I just read two stories in a magazine. One was of a famous person and one was of a woman like me. Both stories had their ups and disappointing downs. The common thread was that they stuck close with their family to make it work. Now I'm not saying you can't strike out on your own and achieve the same satisfaction.
I'm just sharing who I am right now.
I'm looking out the windows of my sister's home in Atlanta. The level of the windows is at mid tree height. The view is like a nature portrait of leaves in many shades of transition. Some are green, some yellow and some are brown. Bare limbs are prominent, too.
A dog is barking in the distance. There is soft guitar music being played downstairs.
It's comforting with the sun shining through the stairwell window behind me and hitting my shoulders.

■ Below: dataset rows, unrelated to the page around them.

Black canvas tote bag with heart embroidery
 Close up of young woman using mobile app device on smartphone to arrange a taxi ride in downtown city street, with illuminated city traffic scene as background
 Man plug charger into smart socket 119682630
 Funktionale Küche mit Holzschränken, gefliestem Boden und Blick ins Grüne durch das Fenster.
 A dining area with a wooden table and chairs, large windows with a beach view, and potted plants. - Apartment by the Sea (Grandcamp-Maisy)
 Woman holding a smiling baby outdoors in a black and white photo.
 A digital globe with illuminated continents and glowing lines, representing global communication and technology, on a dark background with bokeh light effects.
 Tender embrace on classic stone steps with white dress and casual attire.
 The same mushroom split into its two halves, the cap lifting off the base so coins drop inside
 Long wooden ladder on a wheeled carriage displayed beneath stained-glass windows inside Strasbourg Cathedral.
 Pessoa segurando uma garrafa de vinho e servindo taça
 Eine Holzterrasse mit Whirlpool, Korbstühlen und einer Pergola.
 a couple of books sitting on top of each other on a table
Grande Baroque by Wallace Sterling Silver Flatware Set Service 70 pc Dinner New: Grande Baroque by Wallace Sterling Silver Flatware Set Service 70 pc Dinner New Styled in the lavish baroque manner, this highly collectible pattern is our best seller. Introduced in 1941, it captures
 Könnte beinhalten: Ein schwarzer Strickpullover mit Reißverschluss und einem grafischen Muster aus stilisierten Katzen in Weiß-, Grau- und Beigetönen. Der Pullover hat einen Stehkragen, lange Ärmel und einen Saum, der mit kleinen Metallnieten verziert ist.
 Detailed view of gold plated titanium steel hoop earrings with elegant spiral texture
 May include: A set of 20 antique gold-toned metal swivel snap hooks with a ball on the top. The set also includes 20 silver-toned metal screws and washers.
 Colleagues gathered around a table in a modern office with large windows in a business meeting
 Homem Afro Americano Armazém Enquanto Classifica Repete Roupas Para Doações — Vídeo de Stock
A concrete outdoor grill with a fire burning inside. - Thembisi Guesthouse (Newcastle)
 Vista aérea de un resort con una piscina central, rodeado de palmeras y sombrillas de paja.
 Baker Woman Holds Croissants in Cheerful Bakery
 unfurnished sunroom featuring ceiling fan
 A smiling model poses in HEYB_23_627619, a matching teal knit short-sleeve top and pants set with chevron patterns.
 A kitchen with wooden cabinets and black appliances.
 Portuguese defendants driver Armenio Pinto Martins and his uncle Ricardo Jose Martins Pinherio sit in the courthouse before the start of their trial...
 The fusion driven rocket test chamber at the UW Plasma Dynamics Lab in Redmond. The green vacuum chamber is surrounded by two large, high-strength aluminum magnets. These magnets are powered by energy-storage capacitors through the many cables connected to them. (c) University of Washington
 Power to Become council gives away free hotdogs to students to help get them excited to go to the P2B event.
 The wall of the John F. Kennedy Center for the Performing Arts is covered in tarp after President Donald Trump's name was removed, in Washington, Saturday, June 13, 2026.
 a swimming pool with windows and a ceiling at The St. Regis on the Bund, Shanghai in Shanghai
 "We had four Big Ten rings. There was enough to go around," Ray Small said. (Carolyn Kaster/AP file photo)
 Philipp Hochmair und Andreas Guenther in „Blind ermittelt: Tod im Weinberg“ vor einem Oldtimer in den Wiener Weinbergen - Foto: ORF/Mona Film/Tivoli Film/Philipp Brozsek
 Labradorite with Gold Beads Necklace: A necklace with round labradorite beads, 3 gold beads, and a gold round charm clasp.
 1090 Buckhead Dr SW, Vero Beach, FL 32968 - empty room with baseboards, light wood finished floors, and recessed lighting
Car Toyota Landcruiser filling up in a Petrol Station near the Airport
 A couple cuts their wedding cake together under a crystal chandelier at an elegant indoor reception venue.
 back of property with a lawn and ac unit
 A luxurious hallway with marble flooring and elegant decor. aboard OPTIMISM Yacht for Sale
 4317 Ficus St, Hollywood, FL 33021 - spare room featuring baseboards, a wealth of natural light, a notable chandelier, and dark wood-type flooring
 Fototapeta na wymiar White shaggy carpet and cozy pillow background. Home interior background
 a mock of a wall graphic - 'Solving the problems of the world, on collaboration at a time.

Leaves flutter outside.
An old clock ticks it's metronome reminding me that time marches on second by second. I'll easily use up 3600 of them taking this all in.
I'm older. Not who I used to be yet the same as always. I can easily let my mind wander backwards.
A hand made hammered silver cuff bracelet and three bangles glisten in the suns rays. I go back further to a time when the maker of those beautiful items, my brother-in-law, was gravely ill. I can not explain it other than being a miracle. The happiness I feel today in this moment of my life came as a result of many sad moments I have survived in the past. Just like that famous person and that woman like me.